Beaucoup d’élus sont fidèles au rendez vous annuel propoé par l’APVF car ces deux jours d’assises se révèlent trés utiles, chacun peut :
- aborder des sujets « pratico pratiques » : échanges, retours d’expérience, recherches de solution … Les ateliers sur les conséquences de la baisse des dotations, la transition énergétique ou la mise en place des rythmes scolaires ont été trés appréciés cette année,
- prendre un peu de hauteur, grâce aux débats de fond proposés apportant des clés de lecture utiles sur les évolutions en cours,
- peser dans les débats institutionnels, afin de faire entendre la voix particulière des petites villes qui n’ont pas la puissance d’autres « lobbys » plus puissants,
Le sujet présent dans tous débats et conversations a bien été celui de la réforme territoriale.

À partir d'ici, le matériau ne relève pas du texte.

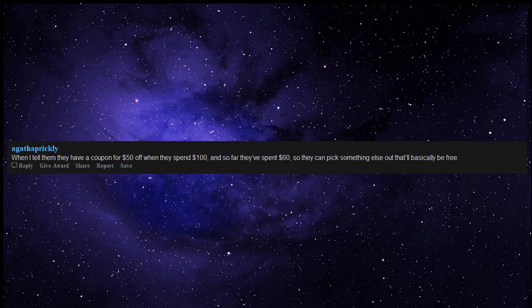When I tell them they have a coupon for $50 off when they spend $100, and so far they've spent $60, so they can pick something else out that'll basically be free.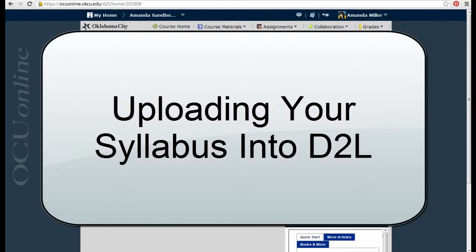Do you want to get started in D2L by uploading your syllabus into your course? This video will show you how.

Chacun aujourd’hui mesure qu’il vaut mieux vaut réformer un système lorsque tout va bien, à froid, en ayant le temps de bien faire les choses et d’accompagner le mouvement, qu’accomplir cette même réforme à chaud, dans l’urgence de la crise comme aujourd’hui !
La crise budgétaire actuelle fait que tous les robinets se ferment au même moment face à des citoyens de plus en plus en difficulté et désemparé toujours plus.

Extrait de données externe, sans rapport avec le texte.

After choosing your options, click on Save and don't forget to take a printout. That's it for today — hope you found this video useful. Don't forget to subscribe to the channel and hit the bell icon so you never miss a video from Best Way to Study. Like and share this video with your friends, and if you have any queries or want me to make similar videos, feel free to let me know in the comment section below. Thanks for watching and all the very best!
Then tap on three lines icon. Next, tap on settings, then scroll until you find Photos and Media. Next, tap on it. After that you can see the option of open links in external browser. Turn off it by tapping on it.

Un autre paramètre perturbe cette réforme déjà délicate à mener : le manque de consensus et d’unité des divers représentants d’associations de collectivités; le bal des égos est ouvert : Régions, département, Agglomérations, grandes villes … Si officiellement personne ne veut du statut co, chacun veut sortir de cette séquence difficile renforcé, c’est à qui mangera l’autre ! Je souhaite bien du plaisir à Marylise Lebranchu, Ministre en charge de cette réforme qui ne méritait certainement pas un tel sort et ces réactions « corporate » voir corporatistes.
Voici quelques impressions personnelles, pêle mêle, sur deux journées riches en enseignements et en interrogations concernant le devenir de nos collectivités !
Cécile Duflot aprés son discours
Chacun s’accorde à dire qu’il faut clarifier, moderniser l’organisation territoriale, mais campe sur ses positions, une posture impossible à tenir dans le temps. Vu le blocage actuel, la théorie de l’évolution, chère à Darwin va certainement trouver ici un nouveau champ d’expérimentation :
« Les espèces qui survivent ne sont pas les espèces les plus fortes, ni les plus intelligentes, mais celles qui s’adaptent le mieux aux changements. »
Certaines tendances se dessinent cependant peu à peu …
Une certitude cependant s’impose à tous : nos territoires devront s’adapter aux mutations en cours ou disparaître, tant le nouveau monde qui émerge est différent … La résilience devient comme une assurance vie face aux aléas multiples d’aujourd’hui et encore plus de demain : climat, réchauffement planétaire, mondialisation, révolution d’Internet … Les politiques publiques qu’elles soient nationales ou locales, pour être mis en œuvre efficacement doivent se nourrir de ce mouvement et surtout rester dans le tempo.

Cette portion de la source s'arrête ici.